Three Years After Oil Spill, Lawmakers Learn About $5 Million BP Gave To Governor's Office
Typically, money slated for the state budget is handled by the Legislature.
But yesterday the Texas House Appropriations and Natural Resources Committee found out about $5 million paid to the state of Texas by British Petroleum following the 2010 Deepwater Horizon oil spill.
The BP oil spill in the Gulf of Mexico happened in April 2010, and in September of that same year the governor’s office received $5 million from BP without informing the Legislature of the funds.

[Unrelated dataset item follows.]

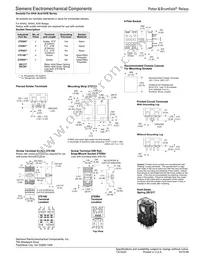 KHS-17A12-120 Datasheet Page 4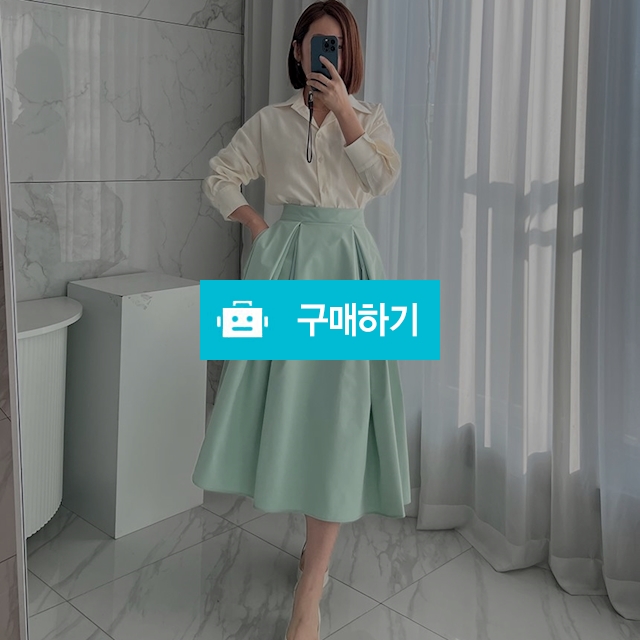 소개팅룩 나들이룩 하객룩 스커트 / 비컴 / 디비디비 / 구매하기 / 특가할인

Here is state Rep. Trey Martinez Fischer, D-San Antonio, speaking with the Mike Morrissey from the governor's office, who is deputy chief of staff and senior advisor:
MARTINEZ FISCHER: "Sort of the way that I understand the separation of powers and how things work, who disperses those public funds? Constitutionally."
MORRISSEY: "Well, the legislature certainly appropriates."
MARTINEZ FISCHER: "I read this agreement and it almost looks like governor is the appropriations committee and BP is the Legislature."
Martinez Fischer said he was shocked to hear lawmakers were first finding out about this money, which was exclusively accessible to the governor’s office.
"Something inspired BP to make that grant very timely in September of 2010," Martinez Fischer told Morrissey. "I imagine it was negotiated prior to that, so maybe they started earlier than that so maybe they started before that. But for you to have $5 million of public money at the sole discretion of the governor and no plan, no process and no real result; I think if this legislature knew about in 2011 we could’ve helped you. We could’ve helped you spend it.”
Morrissey told lawmakers the money was slated to pay back state agencies for ongoing work related the spill. Close to $1 million of the money was paid to the Texas Commission on Environmental Quality in September 2013, money their representative labeled as a "gift."
“I really don’t recall any testimony from those agencies about these ongoing expenses," said state Rep. Drew Darby, R-San Angelo.
The over three year gap in reporting the money has many asking why the Legislature is just now finding out about the unspent funds.
"To me this is a day that I would characterize as virtually having a bomb dropped in our laps and now we need to figure out what a responsible approach is,” Martinez Fischer said.
As far as whether there needs to be an investigation, Martinez-Fischer said he’s not there yet.